_REQUIRED ACTION_
Skipping any pictures, repeat exactly and only the lines from the one that holds "Los concejales socialistas" to the last line of the material, both included.

_SUPPLIED DATA_
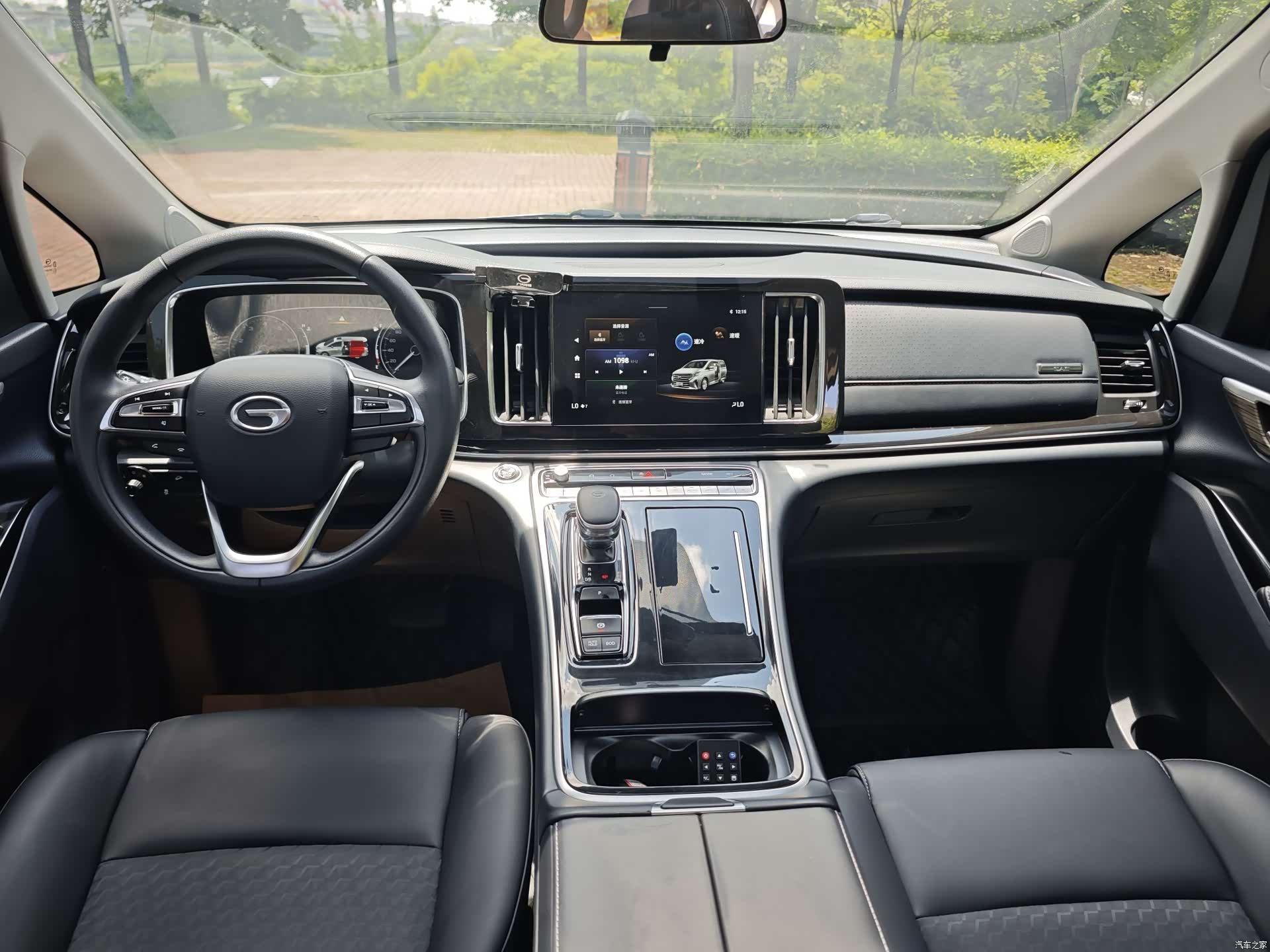 Trumpchi M8, 2022 11
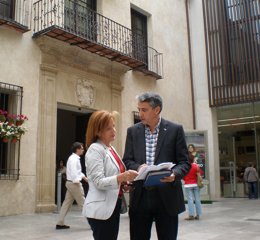 Los concejales socialistas Begoña Medina y Manuel Hurtado 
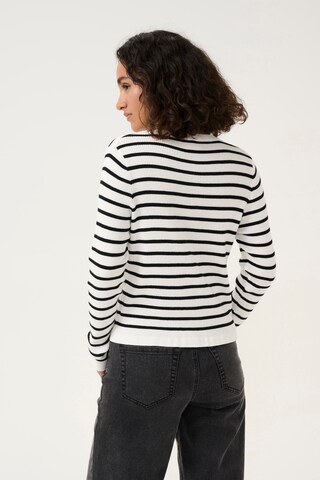 Kaffe Strickjacke 'KALilibeth' in Schwarz
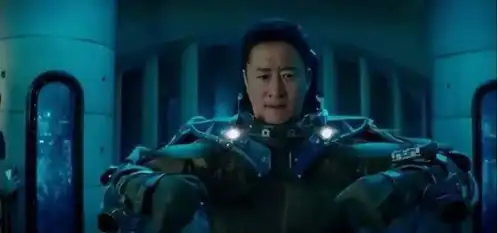 吴京让外国人彻底服了全球首映在中国,这部大片让国人自豪
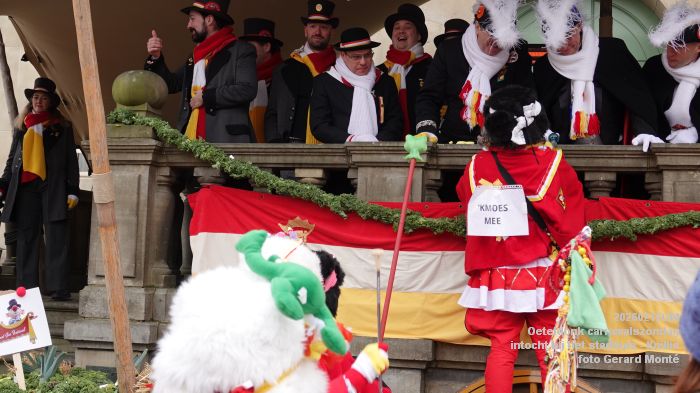 DSC03423- Oeteldonk carnavalszondag intocht bij stadhuis Markt - 15feb2026 - foto GerardMontE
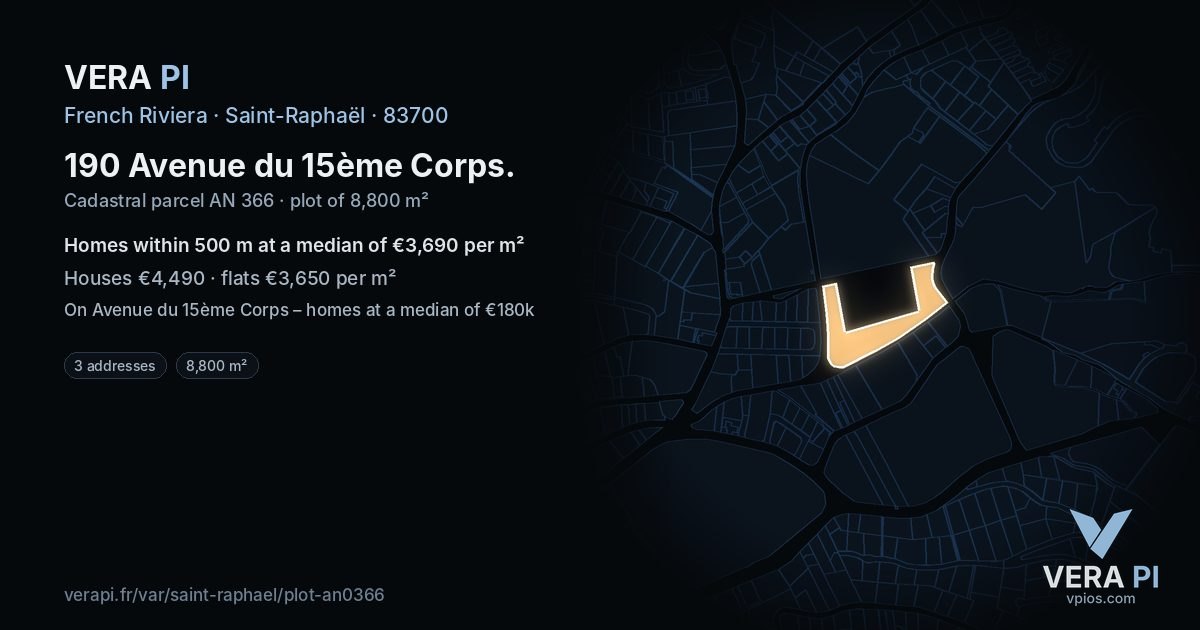 190 Avenue du 15ème Corps, Saint-Raphaël at night – the plot lit, the parcels around coloured by the prices near them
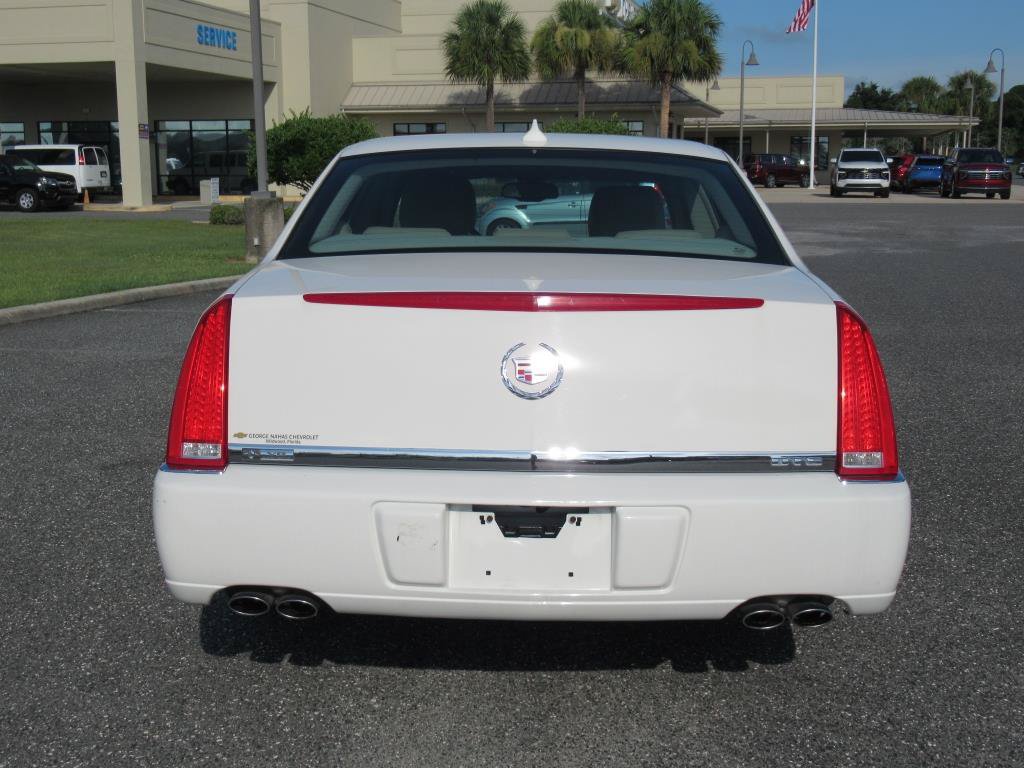 Used 2009 Cadillac DTS FWD image 5
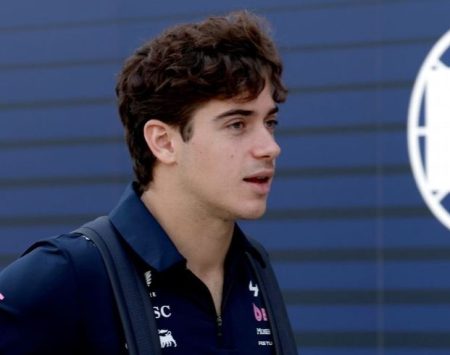 Franco Colapinto, de vuelta al trabajo con Alpine en Enstone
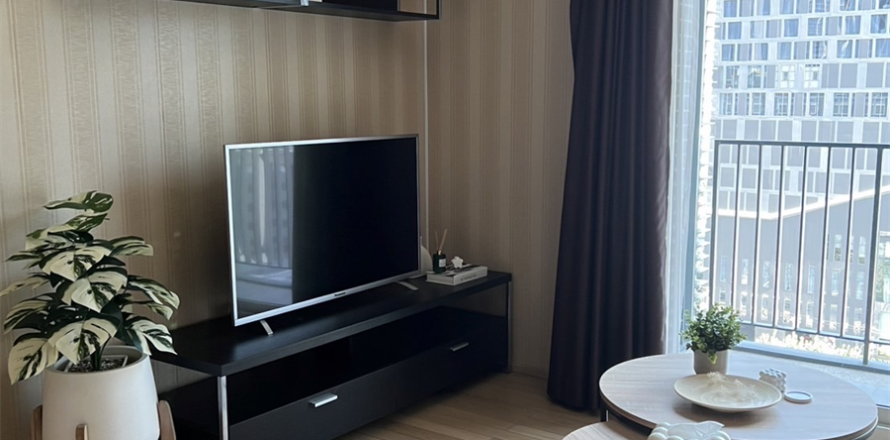 Condo in Bangkok, Thailand, 1 bedroom  № 184300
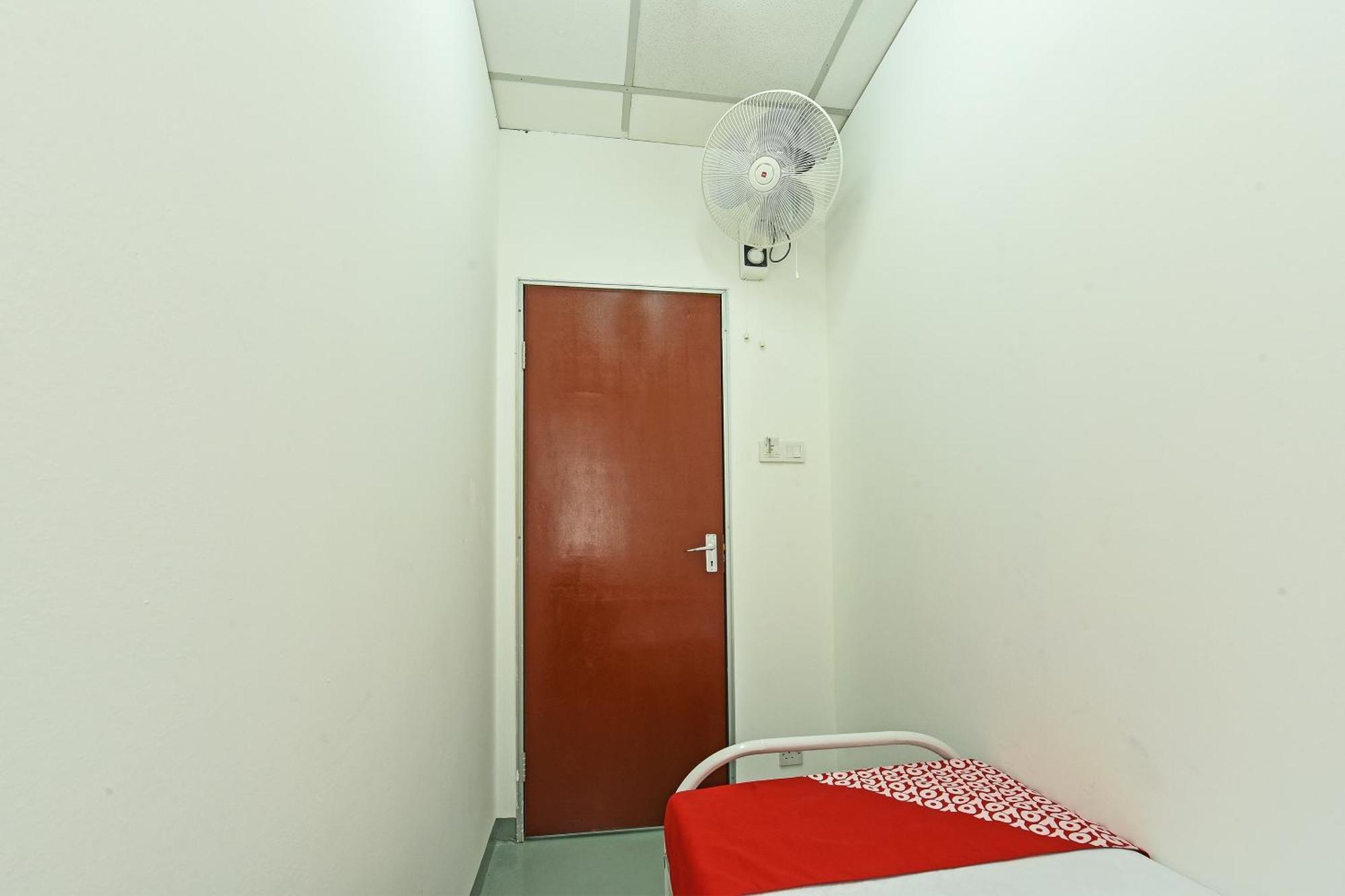 Spot On 90500 Sri Rampai Metro Hostel Kuala Lumpur Eksteriør billede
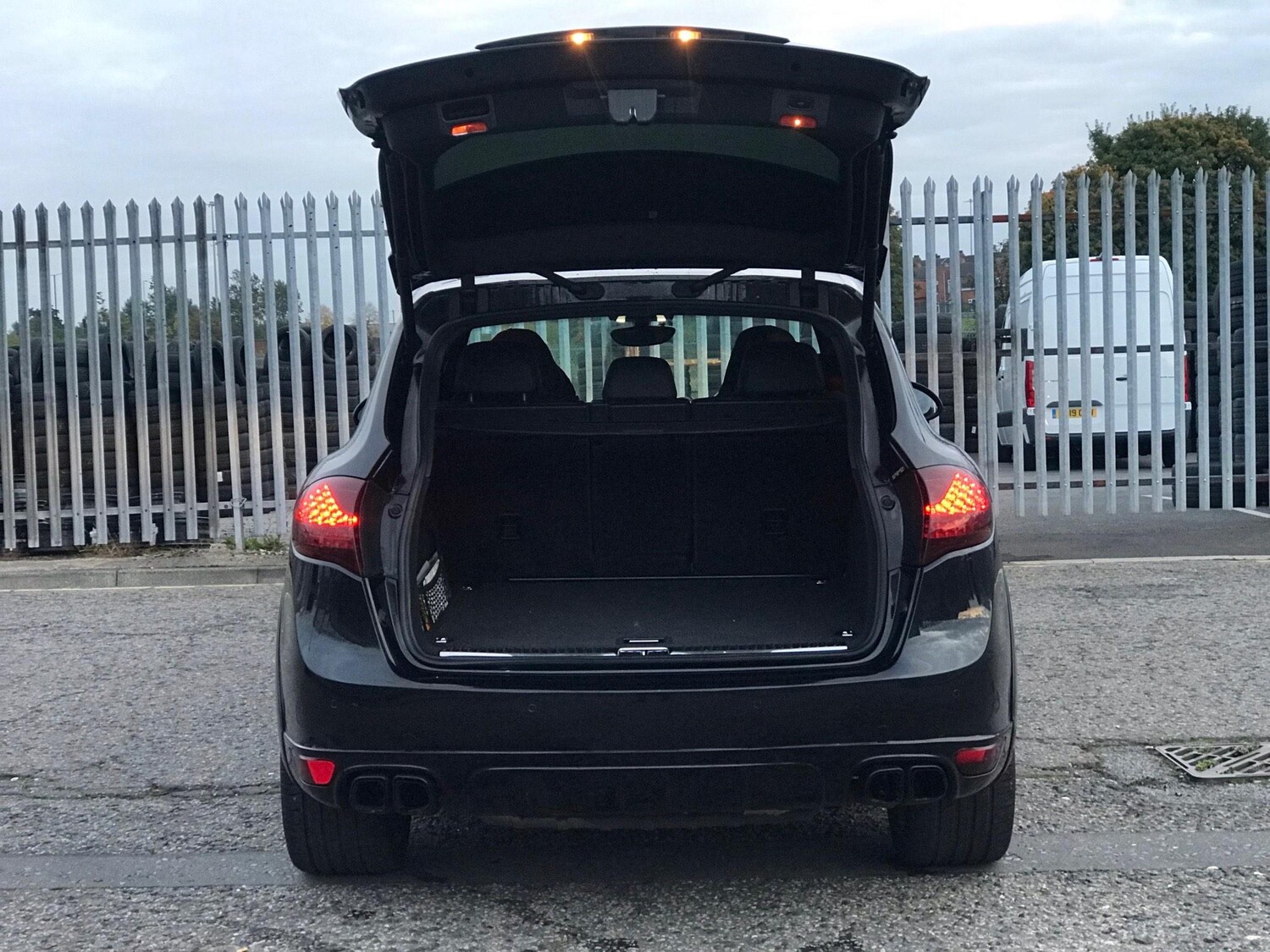 Used Porsche Cayenne for sale - 77511368: Photo 49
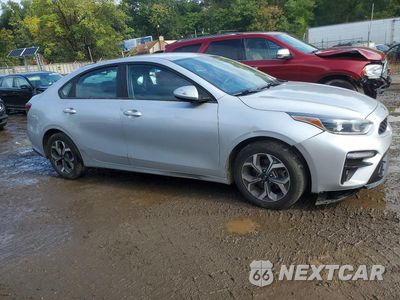 Czwarte zdjęcie samochodu z boku: 2021 KIA FORTE LXS VIN:3KPF24AD6ME414989 - miniatura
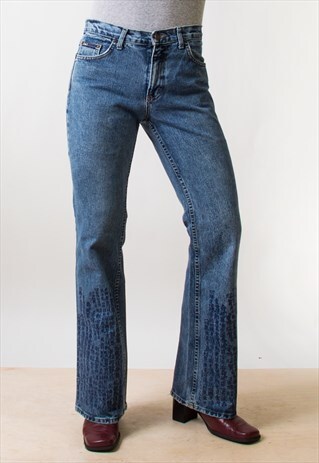 FLARED SCRIPTURE JEANS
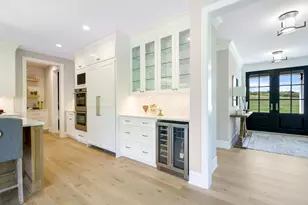 3941 White Oak Ln, Chanhassen, MN 55331 - Photo 10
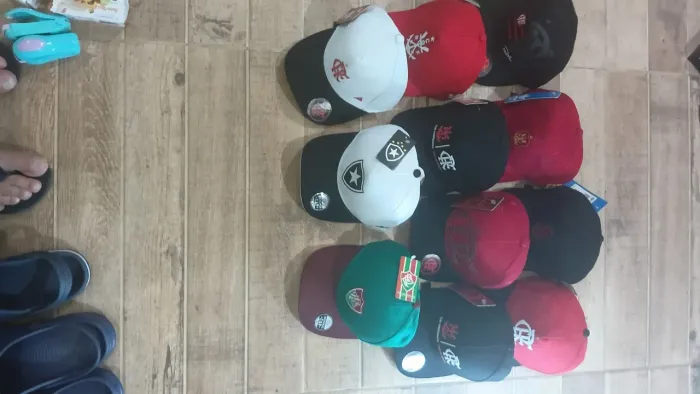 BONÉS FLAMENVGO FLUMINENSE VASCO BOTAFOGO VÁRIOS MODELOS 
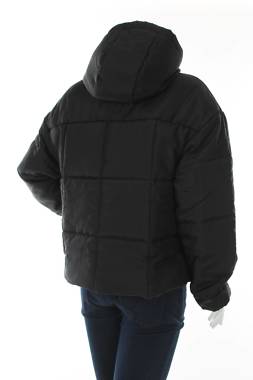 Дамско спортно яке Nike2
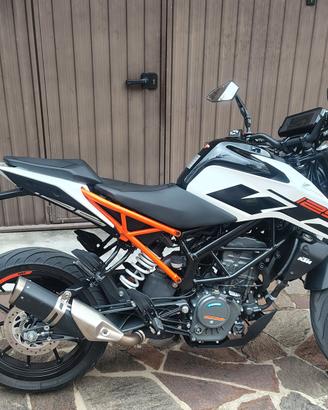 KTM Duke 125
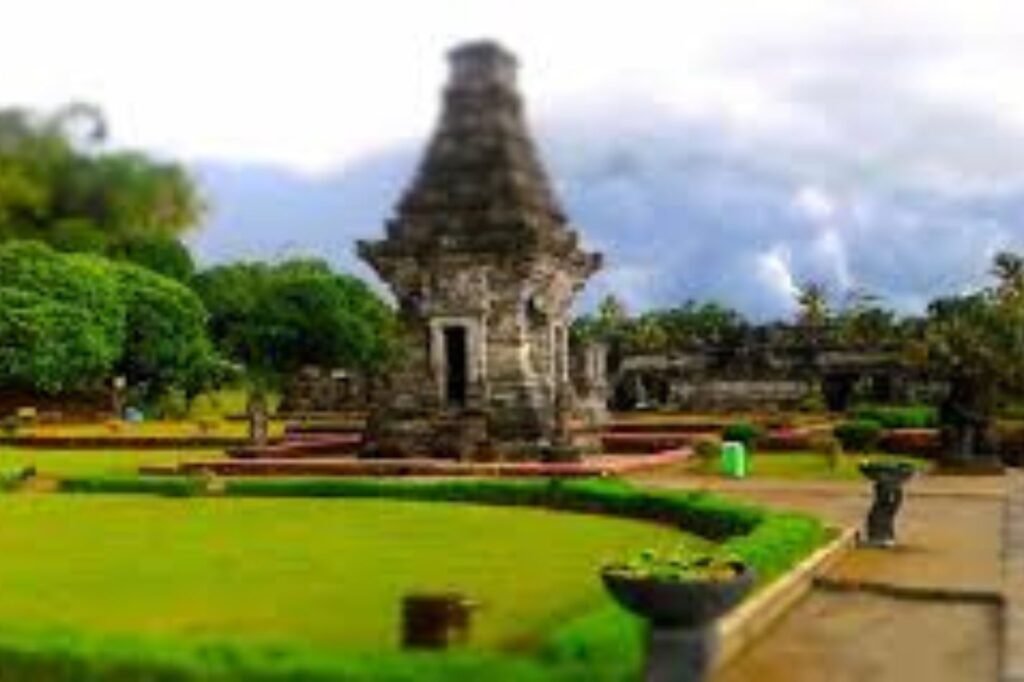 candi penataran 2 1024x682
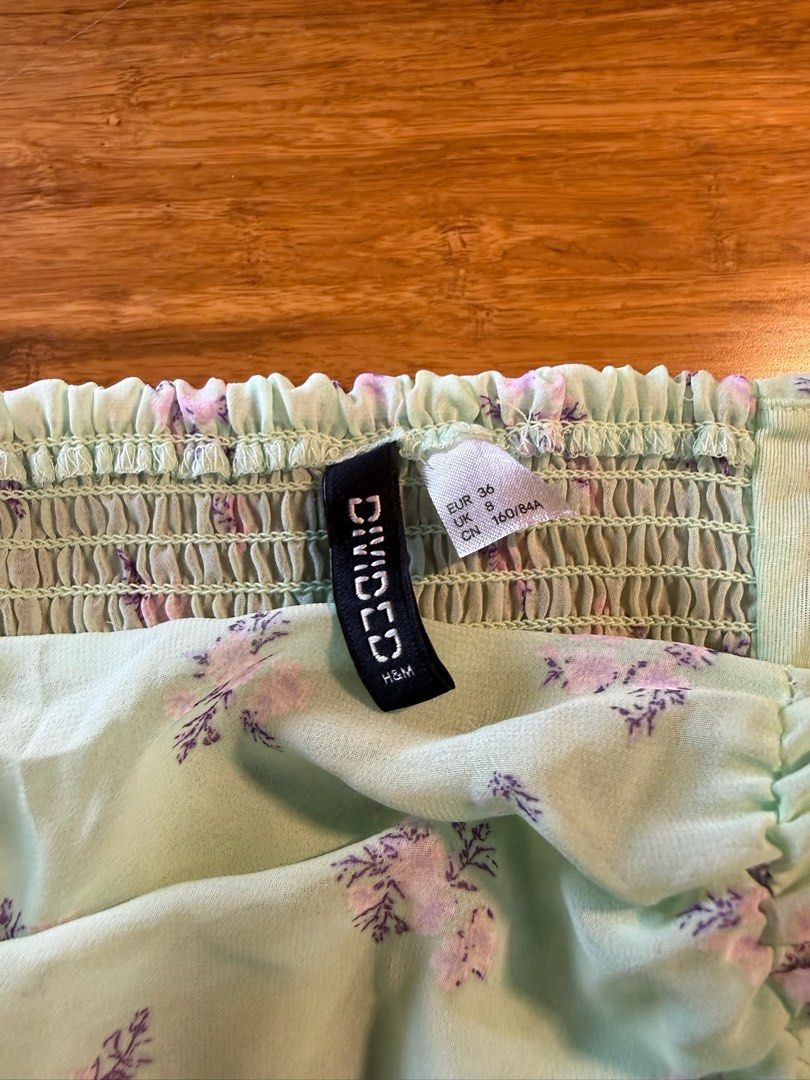H&M Divided Floral Top (Category: Sleeveless) located in Paranaque City. Submitted by maryporras (Listing ID 1413297642, Image 1). Description: - H&M Divided floral top - Features a light green color with purple and white floral print - Design: Long sleeves and gathered bodice - Size: EUR 36, UK 8, CN 160/84A.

_TASK RESULT_
 Los concejales socialistas Begoña Medina y Manuel Hurtado 
 Kaffe Strickjacke 'KALilibeth' in Schwarz
 吴京让外国人彻底服了全球首映在中国,这部大片让国人自豪
 DSC03423- Oeteldonk carnavalszondag intocht bij stadhuis Markt - 15feb2026 - foto GerardMontE
 190 Avenue du 15ème Corps, Saint-Raphaël at night – the plot lit, the parcels around coloured by the prices near them
 Used 2009 Cadillac DTS FWD image 5
 Franco Colapinto, de vuelta al trabajo con Alpine en Enstone
 Condo in Bangkok, Thailand, 1 bedroom  № 184300
 Spot On 90500 Sri Rampai Metro Hostel Kuala Lumpur Eksteriør billede
 Used Porsche Cayenne for sale - 77511368: Photo 49
 Czwarte zdjęcie samochodu z boku: 2021 KIA FORTE LXS VIN:3KPF24AD6ME414989 - miniatura
 FLARED SCRIPTURE JEANS
 3941 White Oak Ln, Chanhassen, MN 55331 - Photo 10
 BONÉS FLAMENVGO FLUMINENSE VASCO BOTAFOGO VÁRIOS MODELOS 
 Дамско спортно яке Nike2
 KTM Duke 125
 candi penataran 2 1024x682
H&M Divided Floral Top (Category: Sleeveless) located in Paranaque City. Submitted by maryporras (Listing ID 1413297642, Image 1). Description: - H&M Divided floral top - Features a light green color with purple and white floral print - Design: Long sleeves and gathered bodice - Size: EUR 36, UK 8, CN 160/84A.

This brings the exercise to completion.